Greece’s land border with Turkey across the Evros/Maritsa River had to be maintained at all costs. As this border was adjacent to the bottleneck of the Bosporus and the Dardanelles, defence of Aegean Greece and Black Sea Turkey assumed particular importance. US strategists saw Greece and Turkey as forming a united geo-strategic bloc able, if properly backed, to deter Soviet incursion into the Eastern Mediterranean and the Suez via the Turkish Straits and/or the Aegean. It should be noted, in this respect, that the Aegean is the key to the Black Sea, rather than the other way around. It is no accident that Germany never bothered to make inroads to Turkey during World War II in order to outflank Stalin and reach the oil resources of Baku, so important for Germany’s war machine. For Germany, it was enough to hold onto the Aegean controlling the mouth of the Black Sea, thus its inward and outward navigation and trade routes, a position that assisted Hitler substantially in his East European and North African theatres. This view was highlighted perceptively by a contemporary Turkish scholar in 1944:

If aid to Russia is not being sent by way of the Straits, this is due to the facts that the Aegean islands are occupied by the Germans and that ships destined for Russia are prevented from reaching the Straits, all of which goes to show that the question of the Straits is linked to the Aegean, the Mediterranean, and the entrance to them.9

But Greece could not be lost also for an additional reason. In meetings with Stalin at Yalta and Potsdam, the Soviets made clear that the most important countries for their security were Romania and Bulgaria, not Greece, although they wanted a strong Communist force in Greece as a kind of ‘soft’ Soviet power there. Thus, the Greek crisis of the second guerrilla warfare provided Acheson with a perfect opportunity to launch his ideational scheme of ‘war against evil Communism’, exaggerating Soviet power projection capability in the region as much as the vulnerability of the USA itself. In February 1947, and in front of a group of prominent senators and General George Marshall, Undersecretary of State Dean Acheson gave a passionate speech explaining why the USA must intervene in Greece. Acheson himself recalls in his memoirs:

[if Greece fell] like apples in a barrel infected by one rotten one, the corruption of Greece would infect Iran and all to the East.

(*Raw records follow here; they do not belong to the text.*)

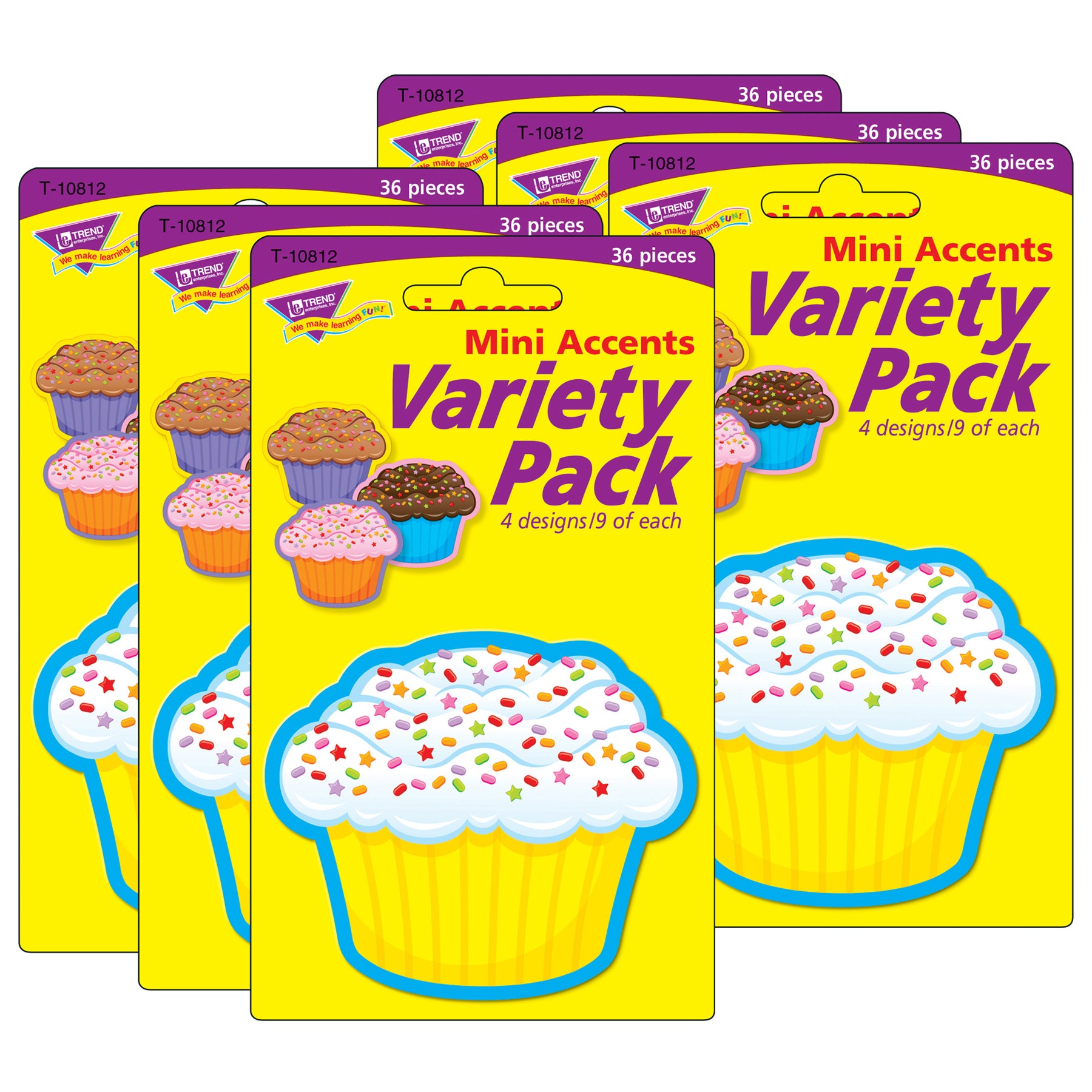 Cupcakes Mini Accents Variety Pack, 36 Per Pack, 6 Packs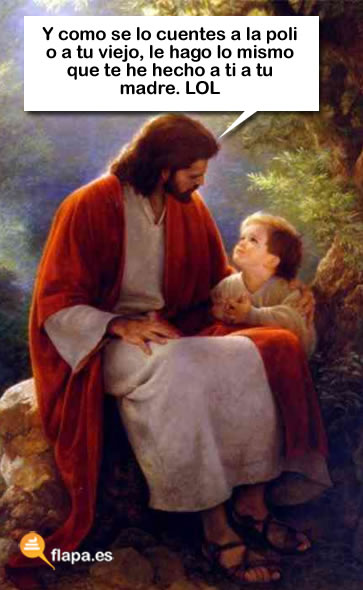 jesus lol con el  niño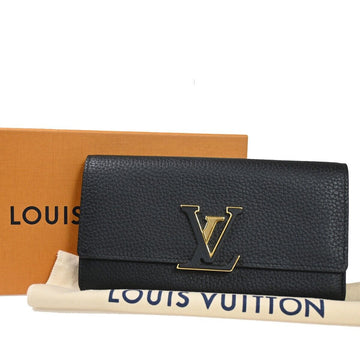 Louis Vuitton Portefeuille Capucines  Leather Wallet  ()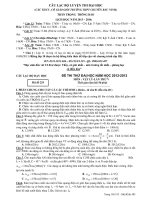 Đề thi thử đại học môn Vật Lý (11)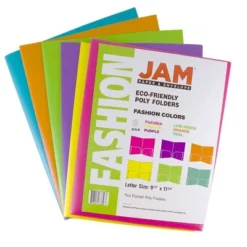 JAM 6pk POP 2 Pocket School Presentation Plastic Folders Fashion Colors -Office Supplies GUEST 00f5d5ed 6851 45fe a3de 35dc1e3b1725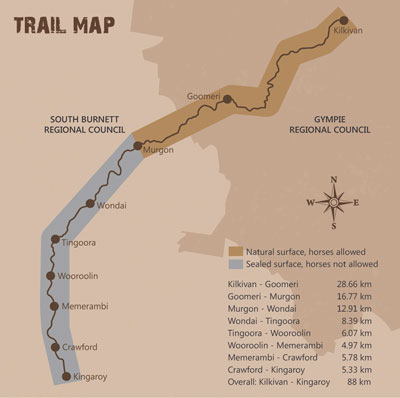 Kilkivan to kingaroy rail trail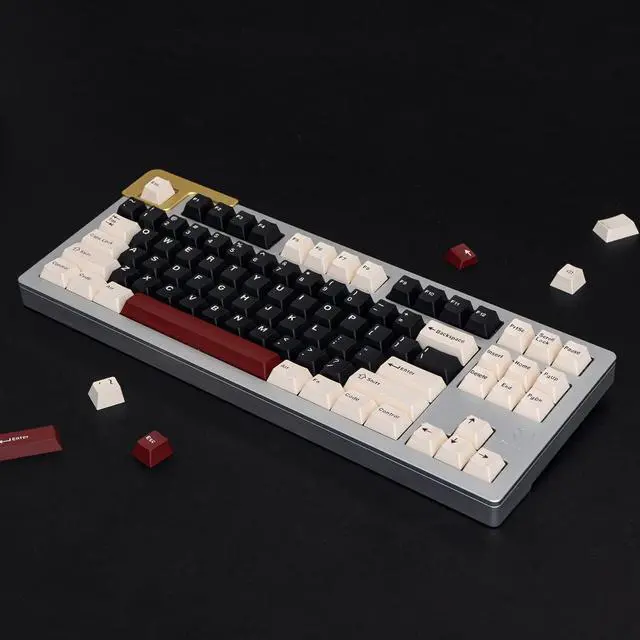 Alt view image 4 of 7 - Doubleshot Keycaps Cherry Profile Rome Keycaps Set 173 Keys Fit for 60% 65% 95% Cherry Mx Switches ISO ANSI Layout Mechanical Keyboard
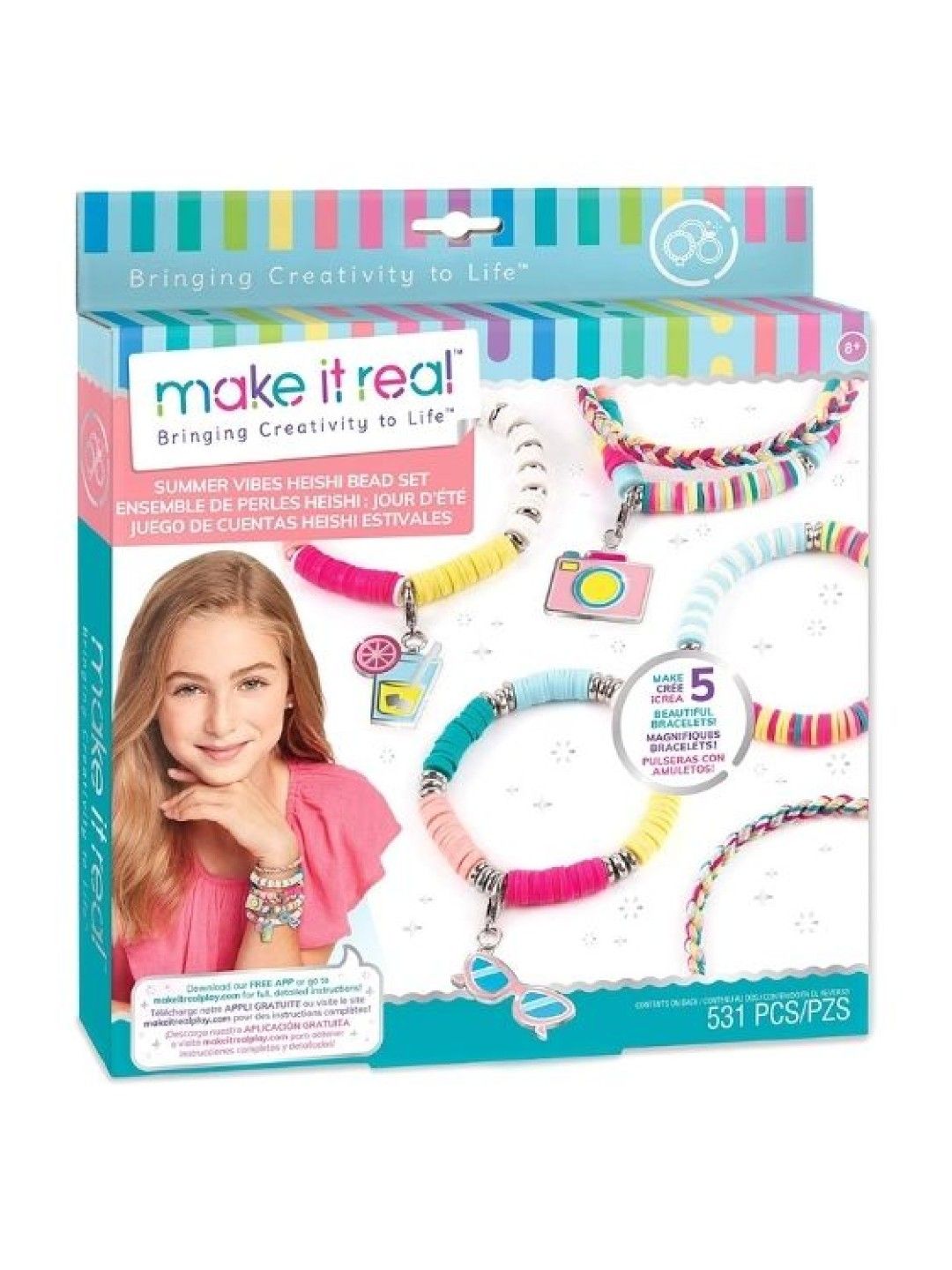 Make It Real Summer Vibes Heishi Bead Set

It would also carry infection to Africa through Asia Minor and Egypt, and to Europe through Italy and France, already threatened by the strongest domestic Communist parties’.10

Acheson countered arguments that the ‘USA is simply pulling British chestnuts out of the fire’, or that an intervention can be justified on an ad hoc basis on humanitarian grounds. For him, ‘it was not a matter of bailing out Britain and responding to Greece and Turkey on humanitarian grounds, but rather a strengthening of free peoples against Communist aggression’. Thus, the USA had no other choice but to ‘protect its own security’ and in order to do that ‘it had to protect freedom itself’. In describing this scene, James Chase, Acheson’s biographer, says that ‘a deep silence followed Acheson’s call to arms’.11

It was no accident. Acheson’s call was unusual. It was not the containment of the Soviet threat in Europe via off-shore balancing and the use of proxies, which was Kennan’s approach and an approach that mainstream US policy-makers were accustomed to; but the actual involvement of US agencies and the army inside the very governing political and economic structures of the capitalist states by way of exaggerating both the Soviet threat and the vulnerability of the USA and the free world, i.e., the issue of primacy. But the way in which the Achesonian policy of primacy came to be implemented in the periphery differed substantially from the way in which it was to find expression within the polities and economies of the core. In the periphery, puppet regimes had been installed conducting ‘democratic’ elections, sustaining authoritarian states of emergency often via intelligence operations and cracking down on Communism, all the while keeping the domestic economies of the periphery open to world markets and US companies. With the partial exception of Italy in the 1940s and 1970s, when the Italian Communist Party was on the threshold of government, none of the above took place in Western Europe during the Cold War. The methods of US control there had been far more refined, sophisticated and complicated. But in Greece, in Chile and other Latin American and Third World countries, these methods of control had been the rule, not the exception. This, as we shall see, had as a result the aggravation of political relations of representation and legitimacy within the polities of the periphery, creating severe problems for the consolidation of the bi-polar phenomenology the USA itself wanted to create there. We shall become aware of all this by looking at concrete economic and political developments in Europe, Greece and Cyprus during the 1950s and 1960s.

Both Greece and Turkey received $400 million ($250 million to Greece and $150 million to Turkey), coming within the USA’s security orbit.12 Bulgaria and Romania moved into the Soviet bloc, whereas Yugoslavia came finally to employ a ‘non-aligned’ foreign policy in accordance with the famous Stalin-Churchill ‘percentages agreement’.13 For all intents and purposes, however, the defeat of the guerrilla movement in Greece by nationalist forces in summer 1949 paved the ground for the stabilization of the Greek polity along authoritarian practices and extreme disciplinarian forms of the political game. The terms and conditions of Greece’s own agreements under the Truman Doctrine and the Marshall Plan ‘ensured that no economic or military decision of any consequence could be taken by the Greek government without the prior approval or consent of the US Administration or its representatives in Athens’.14 The political, economic and geo-political premises of dependency and subordination for the country’s reconstruction and economic development had been laid. At this point, and before we move on to examine the political economy cycle of the 1950s and 1960s, an important point needs to be reiterated.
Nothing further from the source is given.